Islamabad (Agenzia Fides) - "Sembra tornata la calma, la protesta dei sostenitori di Imran Khan è sospesa, ma la paura e la tensione si avvertono ancora tra la gente a Islamabad. E' come un fuoco che cova sotto la cenere. Soprattutto pensiamo alla gente comune, già in difficoltà economiche, che lotta per sopravvivere. L'ondata di protesta e i lockdown aggravano queste difficoltà. In città la situazione non è ancora del tutto normalizzata, c'è ancora timore e c'è la polizia schierata, mentre le scuole sono chiuse anche oggi", dice all'Agenzia Fides padre Asif John Khokhar, Vicario generale della diocesi di Islamabad-Rawalpindi e Direttore nazionale delle Pontificie Opere Missionarie in Pakistan. Il sacerdote ricorda che, date le imponenti manifestazioni popolari, susseguitesi per diversi giorni, "con una certa amarezza, domenica scorsa non abbiamo potuto celebrare degnamente la festa di Cristo Re a Islamabad: la città era sotto lockdown. Le strade erano bloccate, la rete Internet era disattivata, le scuole chiuse. La gente non poteva muoversi dalle proprie case. Quella di Cristo Re è una festa molto sentita per la nostra comunità cattolica e, con tristezza, abbiamo dovuto celebrare in chiesa senza fedeli. Dunque questa situazione ha avuto un impatto anche sulla vita della comunità. Ora speriamo di poter celebrare con tranquillità la prima domenica del tempo di Avvento. La comunità cattolica in Pakistan pregherà per il bene comune del paese".
La polizia del Pakistan ha comunicato di aver arrestato circa mille persone in tre giorni di proteste, dopo la marcia sulla capitale Islamabad, in cui i manifestanti e militanti del partito Pakistan Tehreek-e-Insaf (Pti) chiedevano il rilascio dell'ex premier Imran Khan, in carcere dall'agosto dello scorso anno. La folla è stata sgomberata dal cuore della città durante una vasta operazione delle forze di sicurezza, che hanno utilizzato lacrimogeni e manganelli.

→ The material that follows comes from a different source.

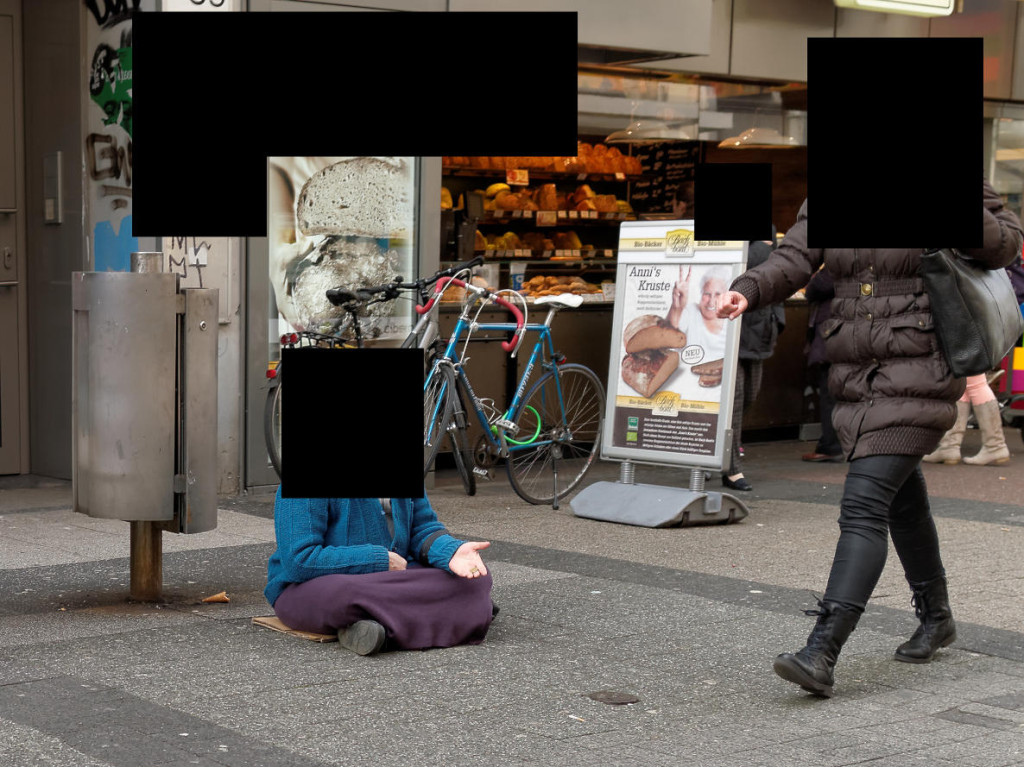 Straßenfotografie: Passantin ignoriert Bettlerin. - Afgrund der Rechtslage in Deutschland muss das Bild bis zur Unkenntlichkeit zensiert werden.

Estromesso dal potere con un voto di sfiducia nel 2022, Imran Khan, 72 anni, afferma di essere vittima di un complotto per impedirgli l'attività politica e respinge ogni accusa. A partire dal febbraio scorso, dopo elezioni segnate da denunce di irregolarità, il partito Pakistan Tehreek-e-Insaf (Pti) ha sfidato il governo con una serie di manifestazioni. Quella del 26 novembre a Islamabad ha convogliato oltre diecimila manifestanti che hanno sfidato il lockdown e il divieto a raduni di fronte a 20.000 agenti di polizia. Ali Nasir Rizvi, ispettore capo di Polizia di Islamabad, ha confermato l'arresto di 954 manifestanti tra domenica e martedì, mentre un poliziotto è rimasto ucciso. Gli attivisti del partito Pti hanno comunicato via social media che la protesta è "per il momento sospesa". Il Primo Ministro del Pakistan, Shehbaz Sharif, ha parlato di "estremismo", mentre il Pti ha denunciato la “brutalità della repressione” e l'eccessivo uso della forza.

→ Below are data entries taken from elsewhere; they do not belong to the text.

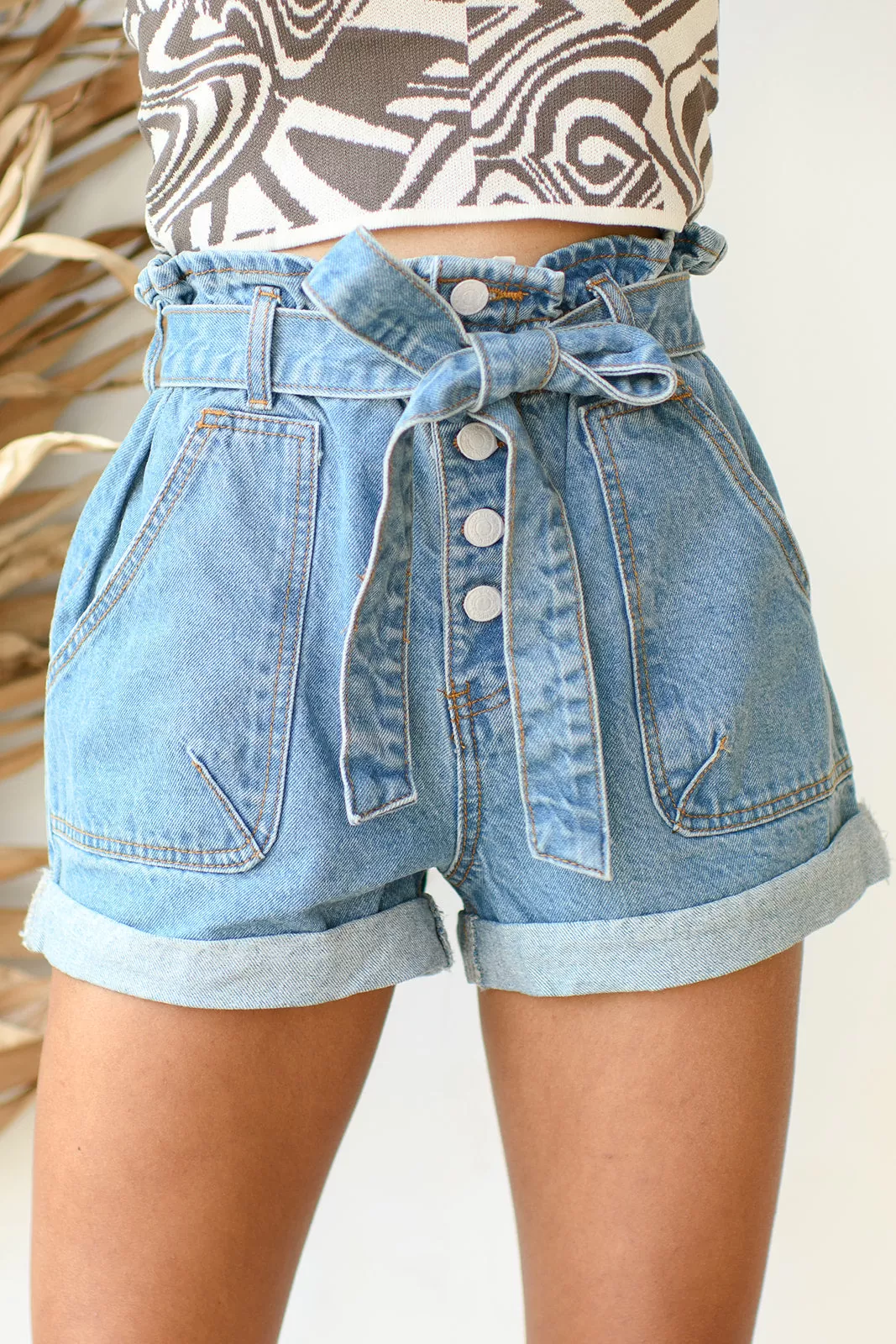 belted paper bag jean shorts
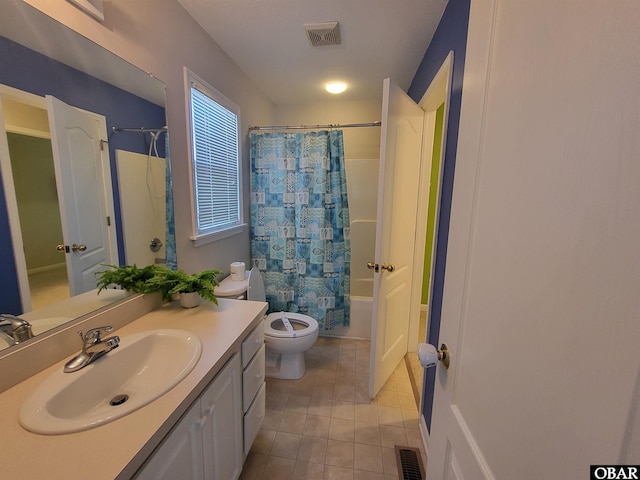 bathroom with vanity, toilet, visible vents, and tile patterned floors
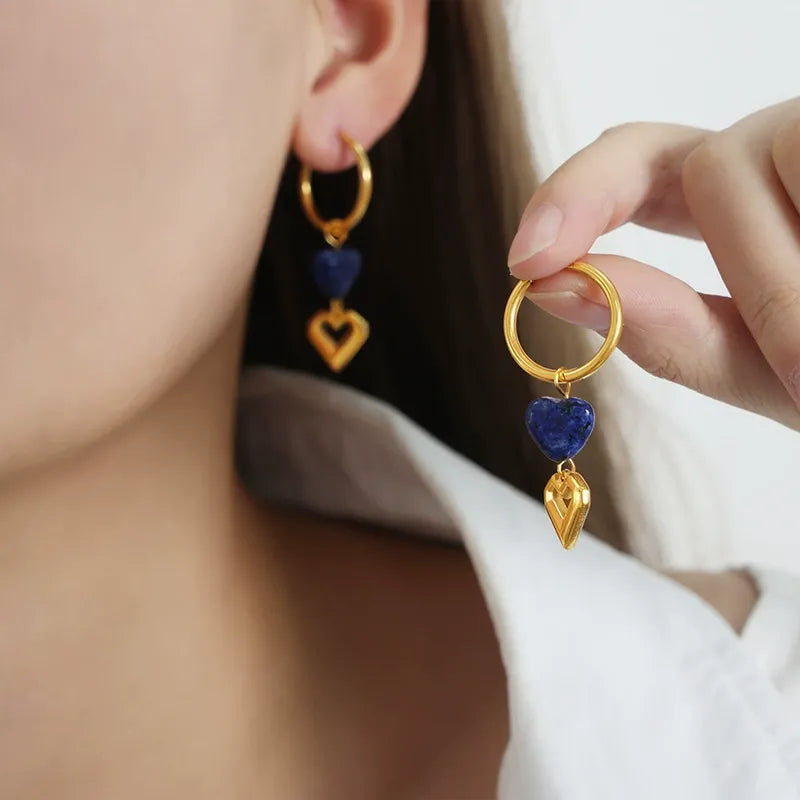 Close up of hand holding tarnish-free romantic jewelry featuring 18K gold heart drop huggie earrings.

Intanto si moltiplicano gli appelli al dialogo, da organizzazioni della società civile, da leader politici e religiosi. Dice p. Asif John Khokhar: "Il paese ha bisogno di pace e stabilità. Soprattutto vi sono famiglie in stato di indigenza, vittime della crisi economica. Su questi temi sarebbe importante che tutta la politica si confronti e che i legislatori prendano decisioni opportune, per venire incontro ai bisogni dei più poveri. La via del dialogo è sempre quella giusta".